Task data:
********

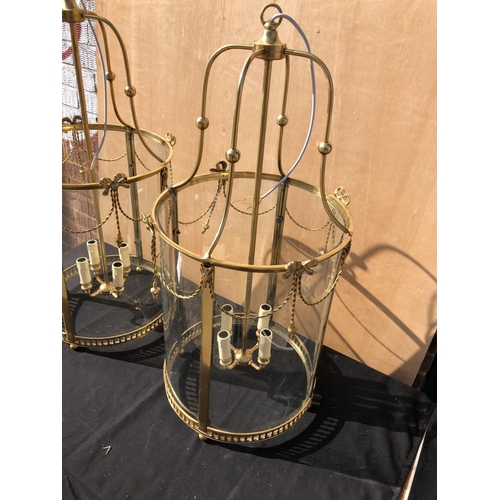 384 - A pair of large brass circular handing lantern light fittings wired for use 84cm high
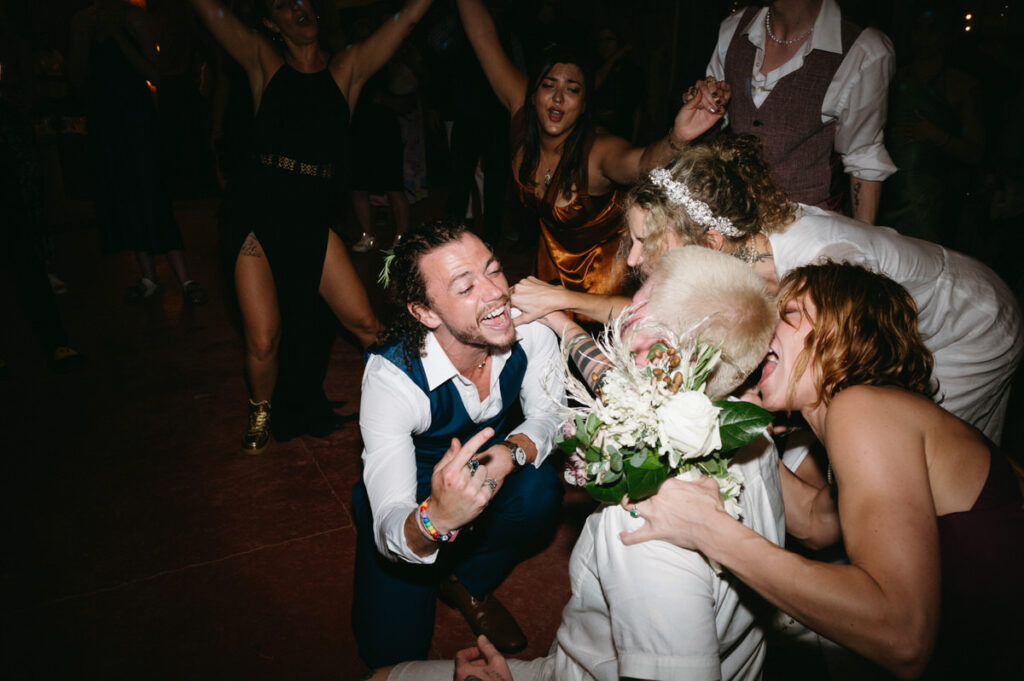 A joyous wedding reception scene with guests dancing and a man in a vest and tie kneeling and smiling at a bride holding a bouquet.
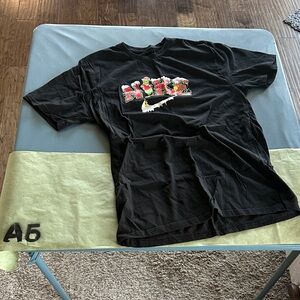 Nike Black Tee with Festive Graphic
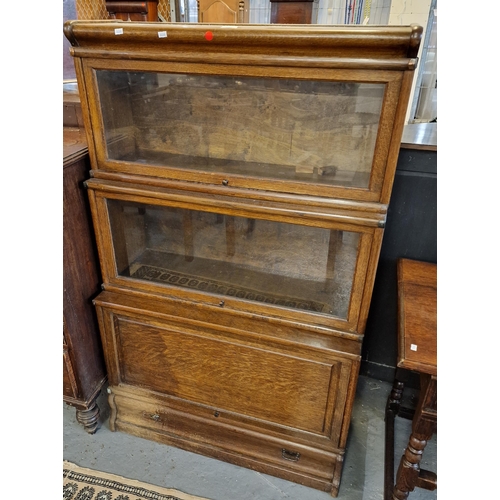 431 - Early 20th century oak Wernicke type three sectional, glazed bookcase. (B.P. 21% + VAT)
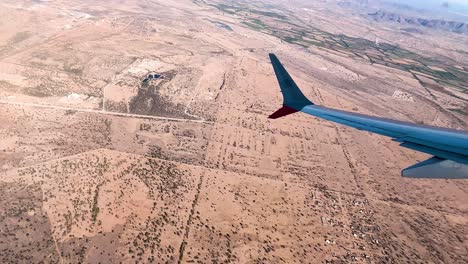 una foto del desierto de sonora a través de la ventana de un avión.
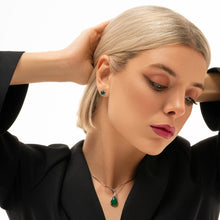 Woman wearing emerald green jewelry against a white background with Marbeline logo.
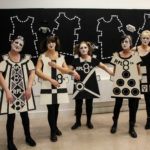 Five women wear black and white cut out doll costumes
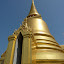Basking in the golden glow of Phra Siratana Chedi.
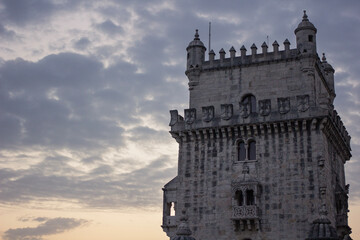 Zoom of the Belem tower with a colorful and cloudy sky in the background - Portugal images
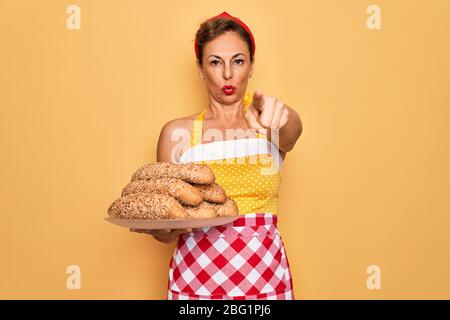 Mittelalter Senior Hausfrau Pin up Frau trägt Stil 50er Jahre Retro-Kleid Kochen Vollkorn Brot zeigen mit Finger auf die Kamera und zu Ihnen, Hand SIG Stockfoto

********

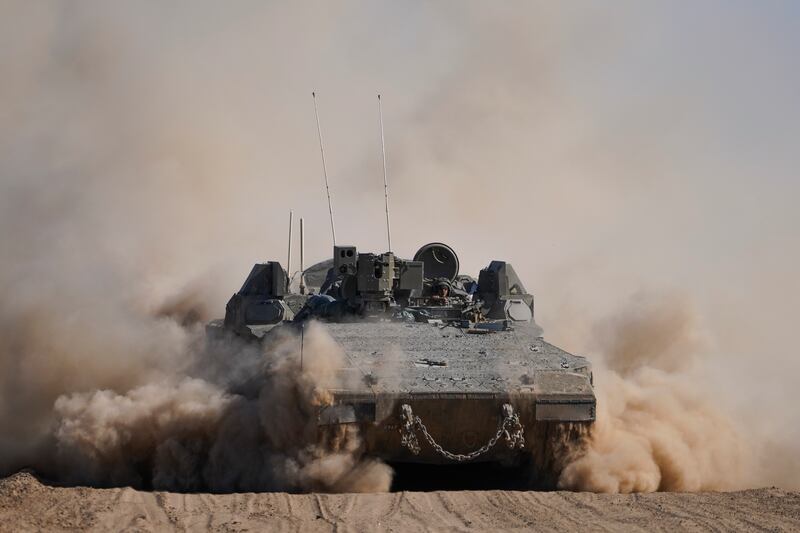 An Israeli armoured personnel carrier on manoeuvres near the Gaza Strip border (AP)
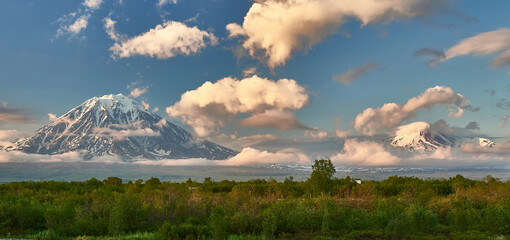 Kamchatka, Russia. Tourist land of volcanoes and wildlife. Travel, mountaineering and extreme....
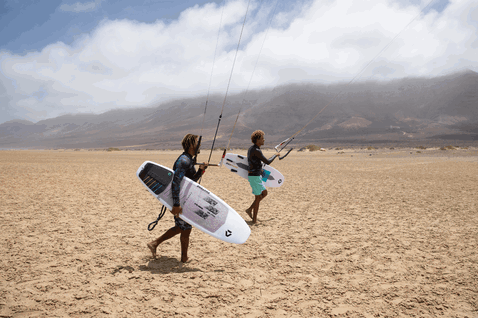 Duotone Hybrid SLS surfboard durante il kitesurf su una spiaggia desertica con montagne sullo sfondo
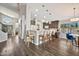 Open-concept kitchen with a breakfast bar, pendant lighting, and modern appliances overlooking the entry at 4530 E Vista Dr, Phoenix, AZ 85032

********

From the entries above, copy exactly the lines starting at the one with "384 - A pair" and stopping at the one with "una foto del", keeping both ends. Drop the pictures.

 384 - A pair of large brass circular handing lantern light fittings wired for use 84cm high
 A joyous wedding reception scene with guests dancing and a man in a vest and tie kneeling and smiling at a bride holding a bouquet.
 Nike Black Tee with Festive Graphic
 431 - Early 20th century oak Wernicke type three sectional, glazed bookcase. (B.P. 21% + VAT)
 una foto del desierto de sonora a través de la ventana de un avión.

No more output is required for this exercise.